Can you do child requests?

Question

Can you do child requests?

kevinrademan opened this issue 9 years ago · comments

I was wondering if you had considered allowing "sub-requests" per url.

I hit page A to get all product data including the product id
Then I need to hit page B to get the product availability data using the product id from page A.

Ideally I'd like the availability to be included in the response from page A.

Would something like this be possible?

Guillaume Plique · Answer 1 · Wed Dec 16 2015 22:23:30 GMT+0800 (China Standard Time)

You cannot do it per se but you can still emulate this by building your data in the result callback nonetheless.
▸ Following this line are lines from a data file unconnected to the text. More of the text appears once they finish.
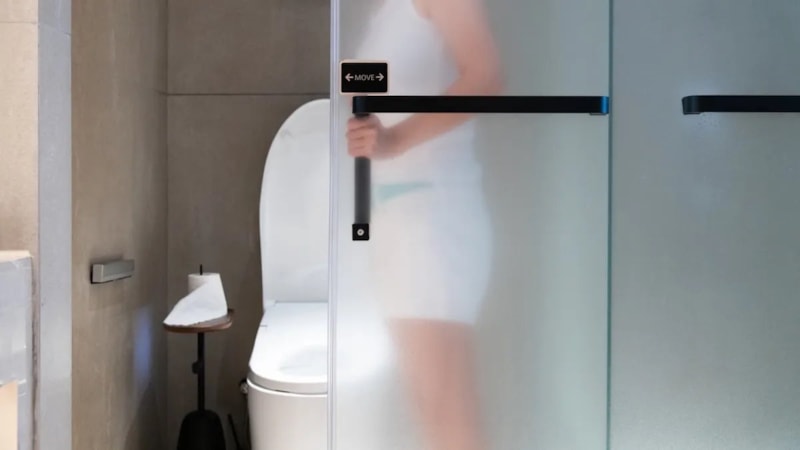 Misafirler nefret ediyor ama oteller vazgeçmiyor: Cam kapılı banyoların sırrı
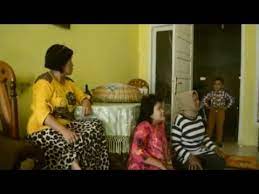 Terjadilah dialog yang sengit nan lucu. Film Minang Lucu Ulah Manonton Tipi Film Minang Ratu Sikumbang Film Pendek Youtube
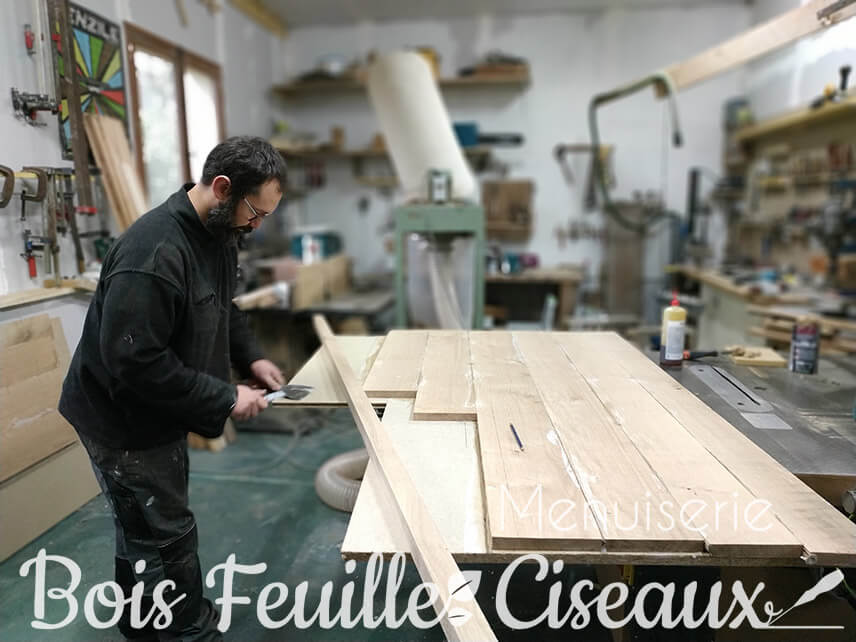 Fabrication à l'atelier du plan de travail en chêne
Typically, people use an external data variable holding the scraped data and building it while crawling. Let's say this data variable is an object with keys being your product id, based on urls or arbitrary data you pass to you jobs, you could very well complete your data within the result callback.

I am not sure I make sense. Tell me if you understand what I mean. If not, I'll write an example 😄.
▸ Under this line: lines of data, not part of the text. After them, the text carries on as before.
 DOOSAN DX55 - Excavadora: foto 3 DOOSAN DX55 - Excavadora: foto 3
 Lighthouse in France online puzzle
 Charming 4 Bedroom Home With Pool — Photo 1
Kevin · Answer 2 · Wed Dec 16 2015 22:35:22 GMT+0800 (China Standard Time)

Yep that makes perfect sense. I'm busy changing my code now. I did also find a dirty workaround (for testing only).

The idea is basically that you create a nested scraper in the scrape callback. This scraper then hits the 2nd url and calls the parent scrapers "done" method in the result callback.
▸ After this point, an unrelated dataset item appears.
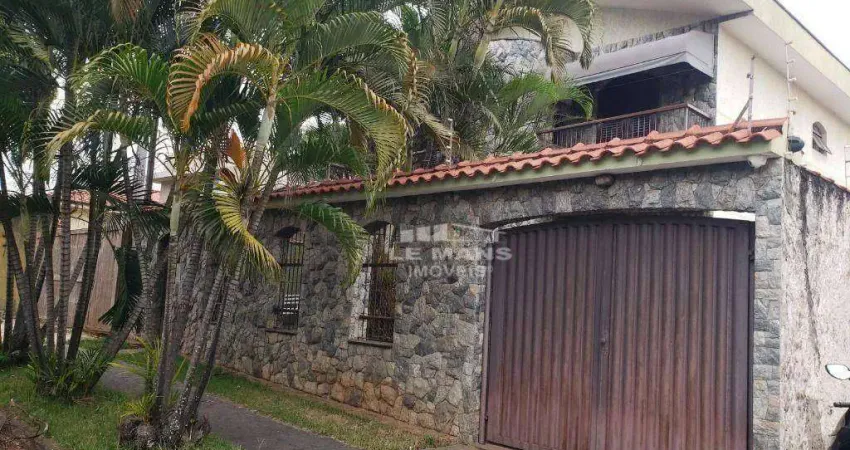 Casa a venda, 4 quartos, 2 suítes, 9 vagas, no bairro Centro em Piracicaba - SP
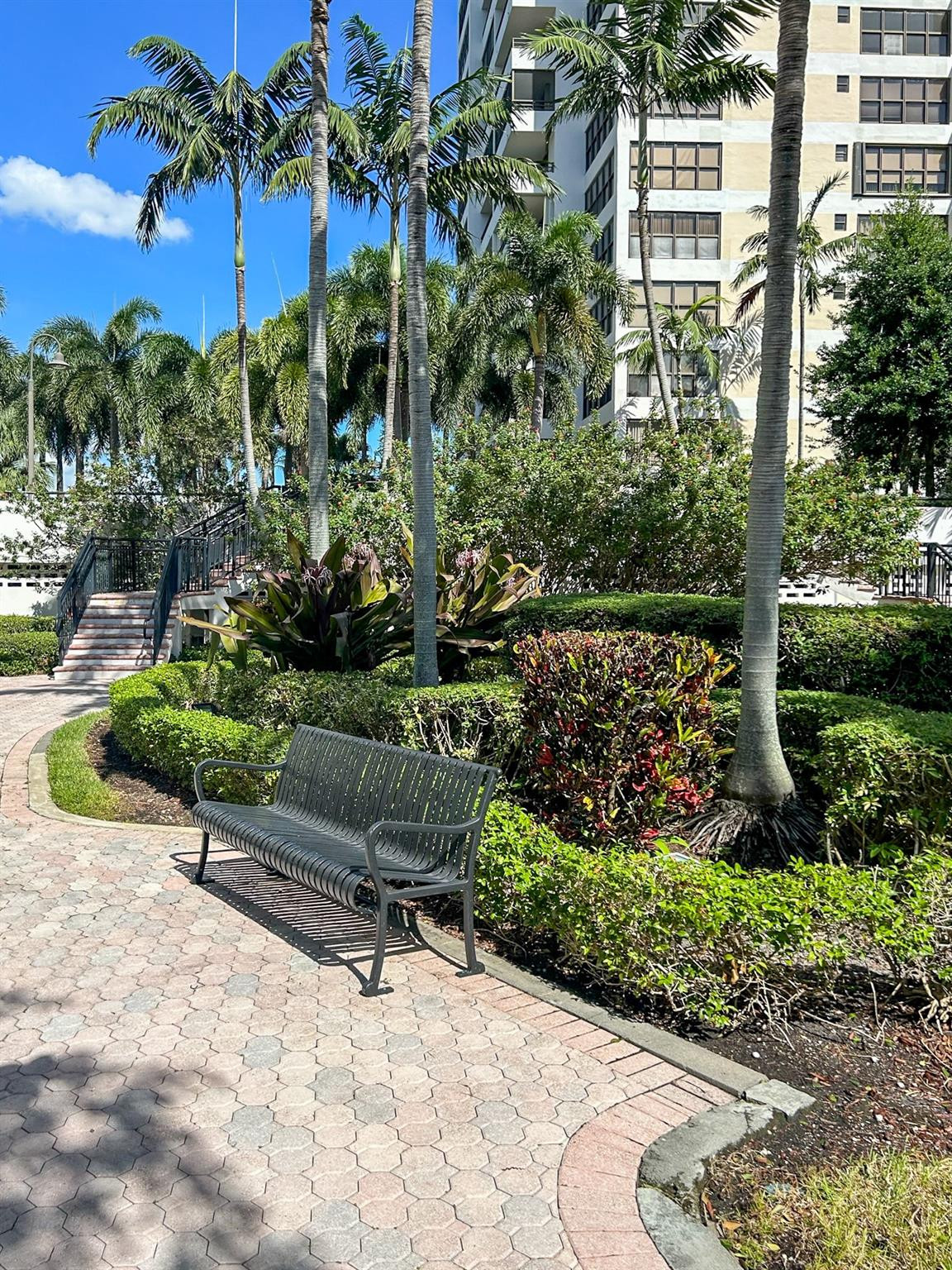 2500 Parkview #615 Hallandale Beach, FL 33009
var sandcrawler = require('sandcrawler')

var spider = sandcrawler.spider()
    //.use(dashboard())
    .url('http://urlgoeshere/de/product/product.html')
    .scraper(function($, done) {
        var data = {
            id: $("[name=somename]").data("catentryid"),
            attributes: $('#features section').scrape({
                group: {
                    sel: 'h2',
                    method: 'html'
                },
                items: function() {
                    return $(this).find('dt').scrape({
                        title: 'text',
                        value: function() {
                            return $(this).next().html()
                        }
                    });
                }
            })
        };

        sandcrawler.spider()
            //.use(dashboard())
            .url({
                url: 'http://urlgoeshere/avdata?catEntryId=' + data.id
            })
            .result(function(err, req, res) {
                data.offers = JSON.parse(res.body).markets;
                done(null, data);
            })
            .run(function(err, remains) {
                console.log('And we are done!');
            });

    })
    .result(function(err, req, res) {
        console.log('Scraped data:', JSON.stringify(res.data));
    })
    .run(function(err, remains) {
        //console.log('And we are done!');
    });

Guillaume Plique · Answer 3 · Wed Dec 16 2015 23:43:43 GMT+0800 (China Standard Time)

Yes this works also. While I'll admit it feels a bit convoluted. This won't work however if you are using a phantom spider.

Guillaume Plique · Answer 4 · Wed Dec 16 2015 23:44:46 GMT+0800 (China Standard Time)

May I ask you, if it is not indiscreet, how you found this library?

Kevin · Answer 5 · Thu Dec 17 2015 00:48:37 GMT+0800 (China Standard Time)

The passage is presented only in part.